Malaise au sein de la majorité
Plusieurs points du texte concentrent les critiques, y compris au sein de la majorité. Et ce dès l'article 1. Cet article prévoyait initialement que le préfet puisse autoriser des palpations de sécurité et des fouilles de sacs « pendant les six heures qui précèdent » une manifestation et jusqu'à dispersion, « dans un périmètre délimité ». Plusieurs élus LREM et Modem se sont inquiétés d'une possible atteinte à la liberté de mouvement, mais aussi de la faisabilité de cette mesure qui nécessiterait de mobiliser des effectifs conséquents des forces de l'ordre. Le gouvernement doit donc proposer une nouvelle rédaction.
Parmi les autres points à revoir, on peut citer les interdictions administratives de manifester. Le texte initial proposait que les préfets puissent prononcer de telles interdictions à l'encontre d'individus susceptibles de représenter une menace grave pour l'ordre public, sous peine de six mois d'emprisonnement et 7 500 euros d'amende. Une trentaine de députés LREM ont déjà, en commission, réclamé en vain la suppression de cette disposition. Ils pointaient qu'elle risquait d'être déclarée inconstitutionnelle car attentatoire au droit de manifester; d'autant, soulignaient-ils, que la justice peut déjà prononcer ce type d'interdiction. La mesure doit donc être révisée en séance.
Plus de 200 amendements déposés
D'autres dispositions ont déjà été réécrites par les députés en commission. La création d'un fichier national dédié aux personnes interdites de manifestations, comme il en existe un par exemple pour les hooligans interdits de stade, a été retoquée, à l'initiative de la rapporteure LREM Alice Thourot. Selon la nouvelle disposition, il n'y aurait donc pas de fichier spécifique, mais les individus visés par une interdiction judiciaire à manifester seraient inscrits au Fichier des personnes recherchées, qui existe déjà.
Autre exemple, concernant la création d'un nouveau délit de dissimulation du visage, passible d'un an de prison et 15 000 euros d'amende. Les députés ont précisé en commission que le port d'un casque ou d'une cagoule ne suffirait pas à constituer ce délit : il faudra aussi démontrer que la personne avait l'intention de participer à des troubles.

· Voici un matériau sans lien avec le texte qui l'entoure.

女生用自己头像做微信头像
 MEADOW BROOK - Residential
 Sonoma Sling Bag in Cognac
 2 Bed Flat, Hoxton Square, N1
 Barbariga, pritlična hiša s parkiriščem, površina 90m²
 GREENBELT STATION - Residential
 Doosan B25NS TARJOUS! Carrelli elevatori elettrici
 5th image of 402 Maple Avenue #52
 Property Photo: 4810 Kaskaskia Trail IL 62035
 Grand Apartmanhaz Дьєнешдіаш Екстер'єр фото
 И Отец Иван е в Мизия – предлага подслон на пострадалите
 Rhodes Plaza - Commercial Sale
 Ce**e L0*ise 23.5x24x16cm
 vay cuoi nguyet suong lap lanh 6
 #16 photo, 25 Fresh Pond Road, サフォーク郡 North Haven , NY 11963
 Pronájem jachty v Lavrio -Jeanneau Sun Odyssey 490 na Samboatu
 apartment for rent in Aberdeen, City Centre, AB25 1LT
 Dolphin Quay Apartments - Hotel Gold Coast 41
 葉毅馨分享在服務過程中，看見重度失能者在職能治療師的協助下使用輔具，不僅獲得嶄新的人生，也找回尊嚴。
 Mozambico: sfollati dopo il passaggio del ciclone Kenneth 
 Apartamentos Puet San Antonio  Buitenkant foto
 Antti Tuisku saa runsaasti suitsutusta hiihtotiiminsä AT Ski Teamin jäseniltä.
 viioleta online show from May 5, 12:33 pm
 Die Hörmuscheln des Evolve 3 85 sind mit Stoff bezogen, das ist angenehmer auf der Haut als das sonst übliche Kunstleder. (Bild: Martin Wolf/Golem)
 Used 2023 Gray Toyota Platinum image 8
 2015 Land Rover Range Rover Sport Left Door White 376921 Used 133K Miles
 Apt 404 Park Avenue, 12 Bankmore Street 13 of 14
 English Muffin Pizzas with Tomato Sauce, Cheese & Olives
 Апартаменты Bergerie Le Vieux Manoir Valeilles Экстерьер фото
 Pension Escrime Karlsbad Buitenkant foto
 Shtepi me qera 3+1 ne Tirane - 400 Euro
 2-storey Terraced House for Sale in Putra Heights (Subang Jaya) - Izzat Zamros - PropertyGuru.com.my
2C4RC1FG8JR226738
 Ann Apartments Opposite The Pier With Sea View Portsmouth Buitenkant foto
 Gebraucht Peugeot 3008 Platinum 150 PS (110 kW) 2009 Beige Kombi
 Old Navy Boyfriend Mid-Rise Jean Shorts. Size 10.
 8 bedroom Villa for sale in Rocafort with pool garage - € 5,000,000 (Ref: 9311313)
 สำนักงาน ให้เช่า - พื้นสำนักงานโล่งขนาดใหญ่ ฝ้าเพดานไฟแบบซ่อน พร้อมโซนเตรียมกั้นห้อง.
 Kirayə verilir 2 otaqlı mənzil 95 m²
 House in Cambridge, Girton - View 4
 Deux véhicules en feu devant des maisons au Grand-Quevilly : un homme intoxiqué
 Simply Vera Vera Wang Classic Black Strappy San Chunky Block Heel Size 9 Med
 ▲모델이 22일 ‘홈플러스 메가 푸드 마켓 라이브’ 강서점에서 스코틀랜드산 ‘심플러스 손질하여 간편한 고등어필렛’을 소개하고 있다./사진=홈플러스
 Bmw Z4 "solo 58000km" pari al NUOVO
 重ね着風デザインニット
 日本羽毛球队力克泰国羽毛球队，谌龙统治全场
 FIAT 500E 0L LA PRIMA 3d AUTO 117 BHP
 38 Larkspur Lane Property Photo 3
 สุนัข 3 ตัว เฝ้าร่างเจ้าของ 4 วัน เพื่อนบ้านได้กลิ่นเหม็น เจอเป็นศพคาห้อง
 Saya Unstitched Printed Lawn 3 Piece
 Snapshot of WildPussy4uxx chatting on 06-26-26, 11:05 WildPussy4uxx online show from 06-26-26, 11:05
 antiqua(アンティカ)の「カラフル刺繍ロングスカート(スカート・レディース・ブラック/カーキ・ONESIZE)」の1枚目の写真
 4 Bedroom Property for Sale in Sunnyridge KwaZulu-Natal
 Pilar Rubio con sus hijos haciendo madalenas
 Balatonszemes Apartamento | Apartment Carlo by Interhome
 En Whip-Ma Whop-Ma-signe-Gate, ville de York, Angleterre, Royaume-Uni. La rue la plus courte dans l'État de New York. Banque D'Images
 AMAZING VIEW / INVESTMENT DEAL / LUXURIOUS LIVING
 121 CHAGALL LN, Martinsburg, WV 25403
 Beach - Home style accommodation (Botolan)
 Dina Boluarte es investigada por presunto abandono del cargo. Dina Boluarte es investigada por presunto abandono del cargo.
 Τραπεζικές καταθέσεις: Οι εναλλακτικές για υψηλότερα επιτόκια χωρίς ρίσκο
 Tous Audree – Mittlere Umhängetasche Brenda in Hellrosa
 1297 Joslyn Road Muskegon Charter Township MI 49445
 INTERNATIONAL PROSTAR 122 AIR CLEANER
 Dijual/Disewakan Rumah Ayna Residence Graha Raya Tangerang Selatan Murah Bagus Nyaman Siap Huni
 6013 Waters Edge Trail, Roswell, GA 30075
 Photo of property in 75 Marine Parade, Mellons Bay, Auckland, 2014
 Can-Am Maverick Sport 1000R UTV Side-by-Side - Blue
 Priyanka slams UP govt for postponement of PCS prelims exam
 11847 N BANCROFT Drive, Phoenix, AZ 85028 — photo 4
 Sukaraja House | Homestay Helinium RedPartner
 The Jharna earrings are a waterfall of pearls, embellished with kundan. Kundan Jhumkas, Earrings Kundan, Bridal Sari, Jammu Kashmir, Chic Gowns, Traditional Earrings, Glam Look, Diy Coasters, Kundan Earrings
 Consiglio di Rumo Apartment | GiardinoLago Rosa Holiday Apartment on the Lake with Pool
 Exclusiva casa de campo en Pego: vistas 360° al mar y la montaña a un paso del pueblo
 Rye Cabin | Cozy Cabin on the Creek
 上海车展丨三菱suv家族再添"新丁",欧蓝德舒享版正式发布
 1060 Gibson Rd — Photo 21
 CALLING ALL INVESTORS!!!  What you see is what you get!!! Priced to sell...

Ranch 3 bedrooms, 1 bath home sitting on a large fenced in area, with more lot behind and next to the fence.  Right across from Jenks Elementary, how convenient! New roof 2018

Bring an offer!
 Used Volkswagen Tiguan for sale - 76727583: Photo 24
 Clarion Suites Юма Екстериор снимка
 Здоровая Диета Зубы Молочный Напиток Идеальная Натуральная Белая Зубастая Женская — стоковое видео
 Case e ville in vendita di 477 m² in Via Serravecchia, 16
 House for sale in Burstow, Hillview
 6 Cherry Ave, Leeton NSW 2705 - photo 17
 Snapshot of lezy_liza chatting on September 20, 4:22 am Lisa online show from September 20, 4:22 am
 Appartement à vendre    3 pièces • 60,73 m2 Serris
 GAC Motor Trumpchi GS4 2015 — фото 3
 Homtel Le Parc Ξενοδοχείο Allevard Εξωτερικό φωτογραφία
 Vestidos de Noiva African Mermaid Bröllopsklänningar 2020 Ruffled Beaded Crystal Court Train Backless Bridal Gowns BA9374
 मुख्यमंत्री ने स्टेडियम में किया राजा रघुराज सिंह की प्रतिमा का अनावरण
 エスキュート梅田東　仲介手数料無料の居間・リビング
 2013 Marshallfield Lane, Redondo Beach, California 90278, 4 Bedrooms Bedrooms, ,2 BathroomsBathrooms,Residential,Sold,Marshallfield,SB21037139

En tout, plus de 200 amendements vont être débattus ces mardi et mercredi, avant un vote solennel le 5 février. Le projet de loi retournera ensuite devant le sénat le 12 mars en deuxième lecture.
Exercice d'équilibriste
Avec cette loi, les autorités espéraient envoyer un message de soutien aux forces de l'ordre, tout en évitant que le texte soit perçu comme « anti-gilets jaunes », ce dont se défend d'ailleurs le ministre de l'Intérieur. « C'est une loi qui protège, qui protège les manifestants, qui protège les commerçants, qui protège les habitants et qui protège les policiers », a souligné ce mardi 29 janvier le ministre de l'Intérieur, Christophe Castaner, sur BFMTV. C'est donc bien un exercice d'équilibriste délicat qui va se jouer à l'Assemblée, d'autant que le texte ne fait pas que susciter le malaise au sein de la majorité. Pour l'opposition de gauche, le texte est globalement jugé « liberticide ». La France Insoumise compte aussi profiter du débat pour évoquer les violences policières et tenter de faire interdire l'usage des lanceurs de balle défense et des grenades de désencerclement.
Les Républicains dénoncent eux le détricotage de leur proposition de loi initiale. Enfin, du côté du Rassemblement National, Marine Le Pen a annoncé il y a quelques jours que son parti voterait « probablement » cette loi. Un soutien dont se serait peut-être bien passé le gouvernement.